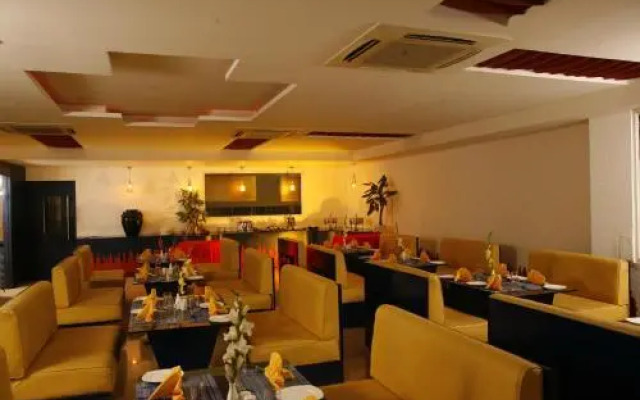 Club 7 Hotel
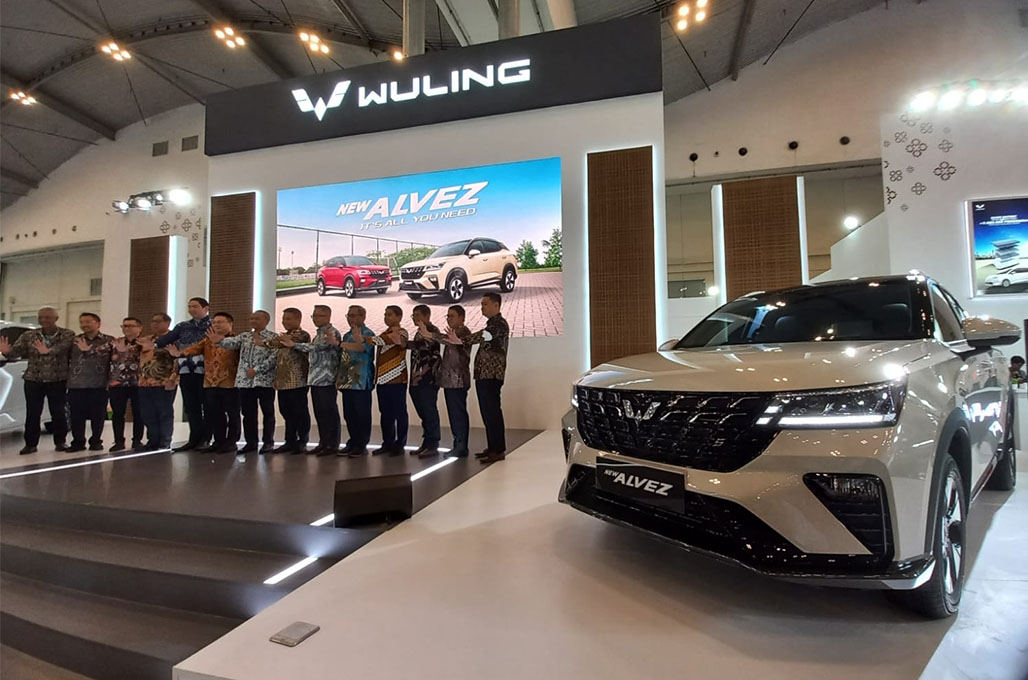 Wuling New Alvez Meluncur di Ajang GAIKINDO Jakarta Auto Week 2025
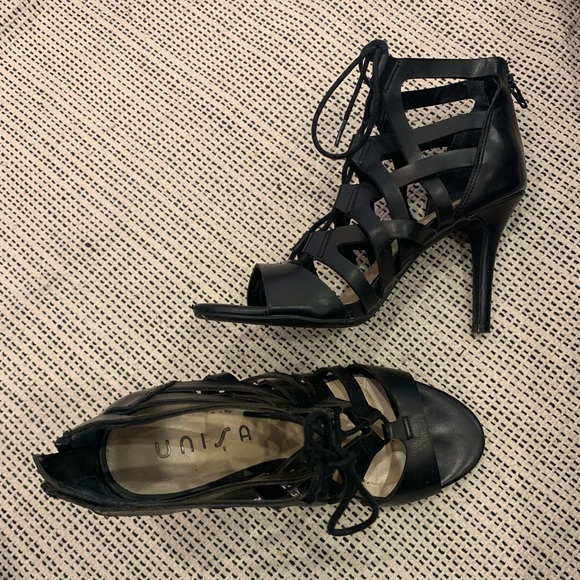 BLACK STRAPPY HEELS - Picture 3 of 4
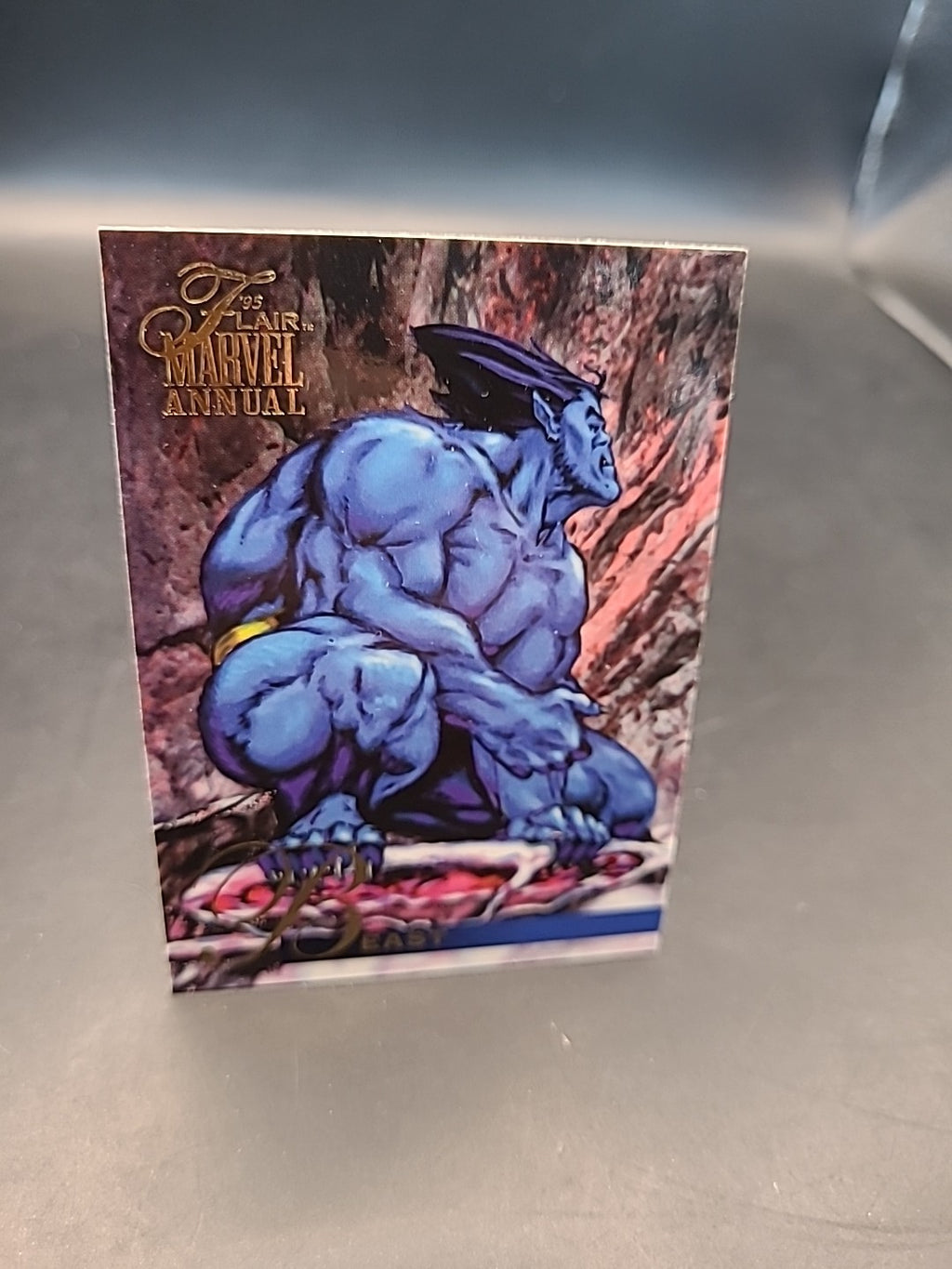 1995 Flair Marvel Annual Beast Into Sinister's Lair #8 Comic Card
————————
§ **What you are asked to do**: Would you reproduce each line of the material exactly, omitting the images?

§ **Written reply**:
 Club 7 Hotel
 Wuling New Alvez Meluncur di Ajang GAIKINDO Jakarta Auto Week 2025
 BLACK STRAPPY HEELS - Picture 3 of 4
 1995 Flair Marvel Annual Beast Into Sinister's Lair #8 Comic Card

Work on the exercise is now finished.